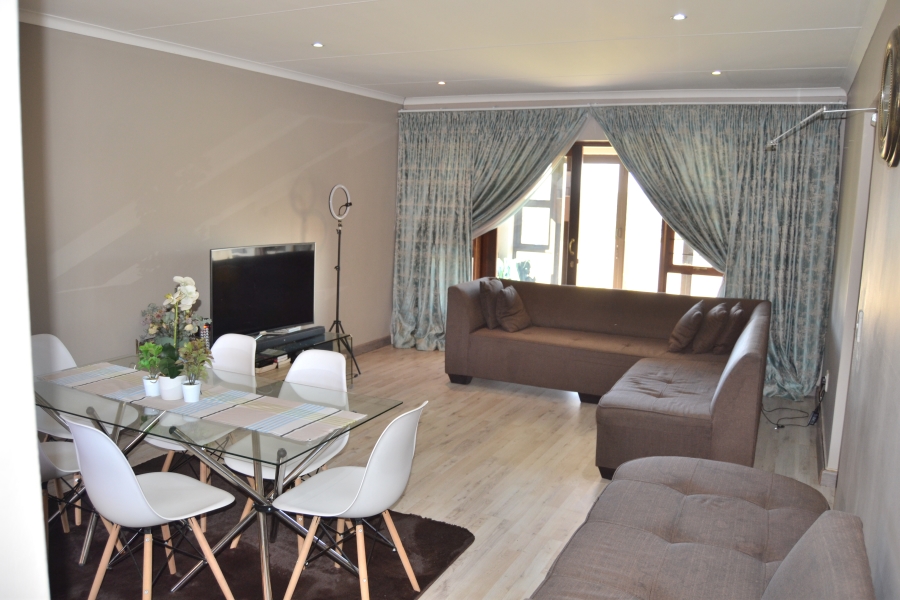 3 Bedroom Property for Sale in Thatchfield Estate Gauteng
_ _ _
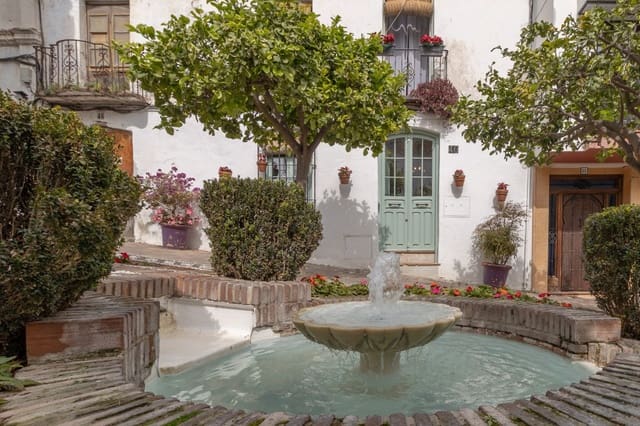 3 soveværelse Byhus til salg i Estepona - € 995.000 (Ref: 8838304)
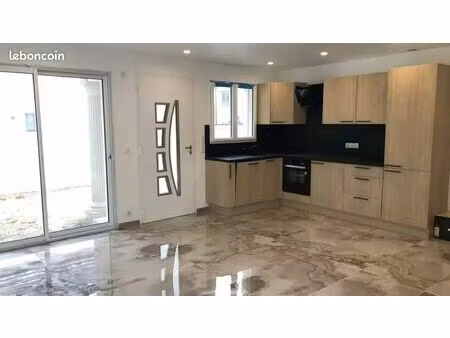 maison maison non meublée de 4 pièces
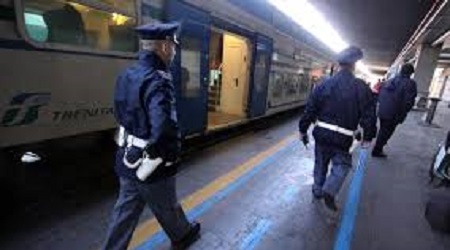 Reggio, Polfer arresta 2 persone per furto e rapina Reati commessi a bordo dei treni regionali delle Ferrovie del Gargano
_ _ _
-- Task to complete --
Above are the records; return the lines in them from the one with "3 soveværelse Byhus" to the one with "Reggio, Polfer arresta", inclusive, exactly and without images.

-- Answer section --
 3 soveværelse Byhus til salg i Estepona - € 995.000 (Ref: 8838304)
 maison maison non meublée de 4 pièces
 Reggio, Polfer arresta 2 persone per furto e rapina Reati commessi a bordo dei treni regionali delle Ferrovie del Gargano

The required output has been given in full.